Yes, I did just use a Spiderman analogy...

I recently saw Spiderman 3 for the first time a couple of weeks ago. I had no idea of the plot - only that Harry turns out to be Gobby Jr (as Tobey Maguire's character calls him) and that Spiderman faces a couple of other nemesis, including one that is a back suited version of himself. Upon watching the movie, I was almost disgusted when the black sticky thingy manifested itself onto Peter Parker's body, transforming him into a much darker character. It gave me the willies seeing the sticky mass  of goo flopping over the floor and up the bed and consuming Peter Parker.

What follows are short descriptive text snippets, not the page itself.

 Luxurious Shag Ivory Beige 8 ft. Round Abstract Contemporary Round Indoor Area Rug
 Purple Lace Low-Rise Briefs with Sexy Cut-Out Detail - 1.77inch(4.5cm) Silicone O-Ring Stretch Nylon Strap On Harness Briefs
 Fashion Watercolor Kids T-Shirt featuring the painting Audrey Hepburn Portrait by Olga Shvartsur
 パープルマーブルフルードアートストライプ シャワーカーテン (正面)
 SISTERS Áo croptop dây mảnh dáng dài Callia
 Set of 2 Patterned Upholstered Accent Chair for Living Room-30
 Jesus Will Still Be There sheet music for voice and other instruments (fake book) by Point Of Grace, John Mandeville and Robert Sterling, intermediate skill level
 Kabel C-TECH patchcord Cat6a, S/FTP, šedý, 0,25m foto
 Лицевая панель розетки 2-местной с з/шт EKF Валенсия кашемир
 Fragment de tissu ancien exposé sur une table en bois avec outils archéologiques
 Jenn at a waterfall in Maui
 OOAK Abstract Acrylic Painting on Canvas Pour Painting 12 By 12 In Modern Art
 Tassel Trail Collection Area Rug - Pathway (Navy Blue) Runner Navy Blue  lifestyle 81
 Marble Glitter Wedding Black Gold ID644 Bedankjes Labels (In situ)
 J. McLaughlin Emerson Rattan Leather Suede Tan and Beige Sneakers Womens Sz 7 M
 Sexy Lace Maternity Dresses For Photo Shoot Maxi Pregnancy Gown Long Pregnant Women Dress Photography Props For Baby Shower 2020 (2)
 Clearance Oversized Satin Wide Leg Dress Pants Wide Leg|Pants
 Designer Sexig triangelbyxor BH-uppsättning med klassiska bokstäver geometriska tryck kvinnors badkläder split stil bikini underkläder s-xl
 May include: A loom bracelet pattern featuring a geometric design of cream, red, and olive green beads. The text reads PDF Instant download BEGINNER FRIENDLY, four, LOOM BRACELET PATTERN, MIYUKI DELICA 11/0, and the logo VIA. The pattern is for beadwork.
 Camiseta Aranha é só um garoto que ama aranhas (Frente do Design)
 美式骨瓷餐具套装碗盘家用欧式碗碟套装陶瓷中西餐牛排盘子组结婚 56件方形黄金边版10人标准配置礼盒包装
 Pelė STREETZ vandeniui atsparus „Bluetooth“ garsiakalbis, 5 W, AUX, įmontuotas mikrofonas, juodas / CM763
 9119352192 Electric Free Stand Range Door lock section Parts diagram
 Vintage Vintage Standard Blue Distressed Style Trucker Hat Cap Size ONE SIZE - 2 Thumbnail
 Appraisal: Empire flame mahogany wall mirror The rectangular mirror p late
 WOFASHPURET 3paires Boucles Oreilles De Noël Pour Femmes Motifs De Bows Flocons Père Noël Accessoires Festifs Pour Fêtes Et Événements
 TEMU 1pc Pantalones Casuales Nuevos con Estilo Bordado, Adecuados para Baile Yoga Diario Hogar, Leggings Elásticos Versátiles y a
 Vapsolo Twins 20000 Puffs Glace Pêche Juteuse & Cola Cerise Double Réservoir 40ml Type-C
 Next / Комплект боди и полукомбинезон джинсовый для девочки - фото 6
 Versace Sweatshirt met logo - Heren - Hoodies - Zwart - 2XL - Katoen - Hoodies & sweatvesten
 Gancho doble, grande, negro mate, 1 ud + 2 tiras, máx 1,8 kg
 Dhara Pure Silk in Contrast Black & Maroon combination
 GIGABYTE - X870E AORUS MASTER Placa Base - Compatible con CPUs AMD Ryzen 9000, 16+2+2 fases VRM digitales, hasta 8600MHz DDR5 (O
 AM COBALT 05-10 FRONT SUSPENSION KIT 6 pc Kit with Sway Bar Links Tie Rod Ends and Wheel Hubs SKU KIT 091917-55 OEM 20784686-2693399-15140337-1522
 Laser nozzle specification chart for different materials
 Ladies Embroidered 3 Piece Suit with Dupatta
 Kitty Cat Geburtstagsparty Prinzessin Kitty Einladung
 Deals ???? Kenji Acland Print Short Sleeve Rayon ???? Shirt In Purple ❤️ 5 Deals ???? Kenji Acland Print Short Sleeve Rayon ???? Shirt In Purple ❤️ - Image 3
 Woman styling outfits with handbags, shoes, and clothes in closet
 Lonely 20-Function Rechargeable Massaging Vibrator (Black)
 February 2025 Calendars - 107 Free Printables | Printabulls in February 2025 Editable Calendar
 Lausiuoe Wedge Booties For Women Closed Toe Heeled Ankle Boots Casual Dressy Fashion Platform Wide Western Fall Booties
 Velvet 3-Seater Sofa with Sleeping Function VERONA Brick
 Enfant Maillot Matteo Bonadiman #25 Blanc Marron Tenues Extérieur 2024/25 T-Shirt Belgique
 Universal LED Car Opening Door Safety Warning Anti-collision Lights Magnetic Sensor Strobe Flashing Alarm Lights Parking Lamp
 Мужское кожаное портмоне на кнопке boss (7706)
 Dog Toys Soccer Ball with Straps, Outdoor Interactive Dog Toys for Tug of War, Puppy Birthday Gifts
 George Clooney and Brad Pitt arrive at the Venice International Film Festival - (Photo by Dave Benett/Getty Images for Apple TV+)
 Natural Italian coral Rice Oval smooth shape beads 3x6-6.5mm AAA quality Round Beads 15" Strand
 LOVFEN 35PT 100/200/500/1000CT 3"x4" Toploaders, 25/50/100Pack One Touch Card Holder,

It reminded me of the sin in our lives. How sin is malleable and can transform even the best person into the worst of people. Just as the "new' Peter Parker discovered, the longer he wore the suit, the harder it was to get rid of it. It started out small but eventually grew bigger and bigger to the point where it consumed him. He felt good, invincible. In a way, sin has the same effect. We don't really realize we're doing it until it confronts us in the face. And the longer we resist changing our behavior, the harder it becomes to rid ourselves of it. In the end of the movie it took a monumental effort for Peter Parker to get rid of the new skin. The sin didn't just go away. It found a new host. And this particular character had a lot of hate in his heart. The messy blob latched right on to that and the character became totally evil. He succumbed to the nature of the parasite that got him. Sin is the same way. If we have unresolved anger, bitterness, conflicts - you name it - in our lives, the sin latches on to it. It can make us completely unrecognizable.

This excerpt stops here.